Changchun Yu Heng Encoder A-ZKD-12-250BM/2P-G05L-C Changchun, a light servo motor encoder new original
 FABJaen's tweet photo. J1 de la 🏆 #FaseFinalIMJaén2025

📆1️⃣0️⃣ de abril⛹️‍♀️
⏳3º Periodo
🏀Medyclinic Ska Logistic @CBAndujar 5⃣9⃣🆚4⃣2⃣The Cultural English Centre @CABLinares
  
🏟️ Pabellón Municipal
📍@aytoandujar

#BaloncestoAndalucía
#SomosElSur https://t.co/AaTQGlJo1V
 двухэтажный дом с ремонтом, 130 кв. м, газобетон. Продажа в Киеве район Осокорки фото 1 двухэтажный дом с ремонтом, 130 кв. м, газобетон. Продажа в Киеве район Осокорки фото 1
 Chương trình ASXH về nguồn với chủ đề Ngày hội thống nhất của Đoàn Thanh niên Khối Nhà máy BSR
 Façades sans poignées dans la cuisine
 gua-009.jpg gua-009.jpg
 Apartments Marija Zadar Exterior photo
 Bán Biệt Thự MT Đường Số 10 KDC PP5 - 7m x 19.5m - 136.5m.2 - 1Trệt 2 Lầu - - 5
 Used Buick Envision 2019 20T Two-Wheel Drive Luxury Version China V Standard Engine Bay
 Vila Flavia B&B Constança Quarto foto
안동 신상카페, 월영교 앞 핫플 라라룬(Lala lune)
____
The answer must be a verbatim transcription of the entries above, from the first line through the line that contains "#BaloncestoAndalucía", and nothing more.

Solution to the problem -
Changchun Yu Heng Encoder A-ZKD-12-250BM/2P-G05L-C Changchun, a light servo motor encoder new original
 FABJaen's tweet photo. J1 de la 🏆 #FaseFinalIMJaén2025

📆1️⃣0️⃣ de abril⛹️‍♀️
⏳3º Periodo
🏀Medyclinic Ska Logistic @CBAndujar 5⃣9⃣🆚4⃣2⃣The Cultural English Centre @CABLinares
  
🏟️ Pabellón Municipal
📍@aytoandujar

#BaloncestoAndalucía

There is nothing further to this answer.